Scott Weidensaul, A World on the Wing; The Global Odyssey of Migratory Birds (New York: W.W. Norton, 2021), 385pp.
About 200 years ago John Audubon tied a silver wire to the legs of Eastern Phoebes on his estate in Pennsylvania. He wanted to know if those same birds returned to his property the next year to nest. And so began the fascinating study of bird migrations.
One main takeaway from Scott Weidensaul's remarkable book is how modern technologies have revolutionized migration research in the last twenty years. Today scientists attach nano tag transmitters to birds, some of which weigh a mere two-tenths of a gram. These geolocators provide a "stupefying" amount of Big Data and incredibly precise details, often in near-real time, about bird migrations. There are still many "profound mysteries" about bird migration, and the field is inherently complex and difficult, but much of the guess work has been eliminated.
Weidensaul documents dozens of examples of the nearly incomprehensible feats of birds. We know that Arctic terns migrate 50,000 miles a year. Albatrosses with an eleven-foot wing span "between biennial breeding attempts fly 74,000 miles, circumnavigating Antarctica two or three times without ever seeing land." One common swift that was banded lived an unusually long life of 18 years, which meant that over the course of its life it flew some four million miles, most of that without ever landing. Bar-headed geese and ruddy shelducks fly over the Himalayas at an altitude of 4.5 miles, where the temperatures are frigid and the oxygen level is a half to a third that of sea level. Two birds that were tracked together in their 8,000-mile migration landed within twenty miles of each other.

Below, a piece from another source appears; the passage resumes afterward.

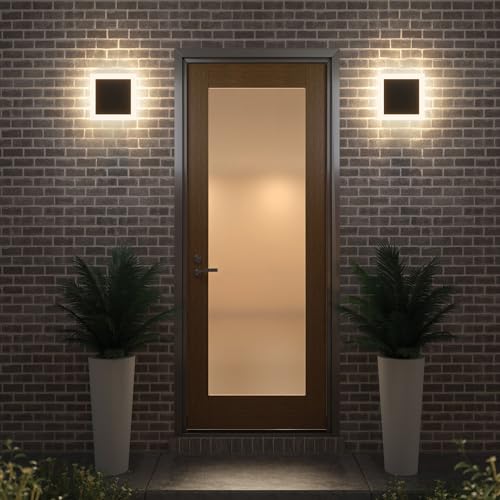 Aoceley 2 Packs LED Wall Light Outdoor Indoor Modern Wall Sconce Mini Sconce Outdoor Wall Lights Aluminum Waterproof Black Wall Mount Light LED Wall Sconces Warm White 3000K (Square) by Aoceley - Used condition - Image 8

There are few aspects of bird migration that Weidensaul does not explore. His book is equal parts personal memoir, field notes, conservation efforts, scientific inquiry (eg, navigation by the earth's magnetic field), and travelogue. He reflects on his 50-years as "a serious bird geek" who developed a "curiosity bordering on mania" when he was a twelve-year old boy in rural Pennsylvania. Today he's a leading expert on the world's 10,300 bird species. He has written some thirty books; his volume Living on the Wind: Across the Hemisphere with Migratory Birds (1999) was a finalist for the Pulitzer Prize.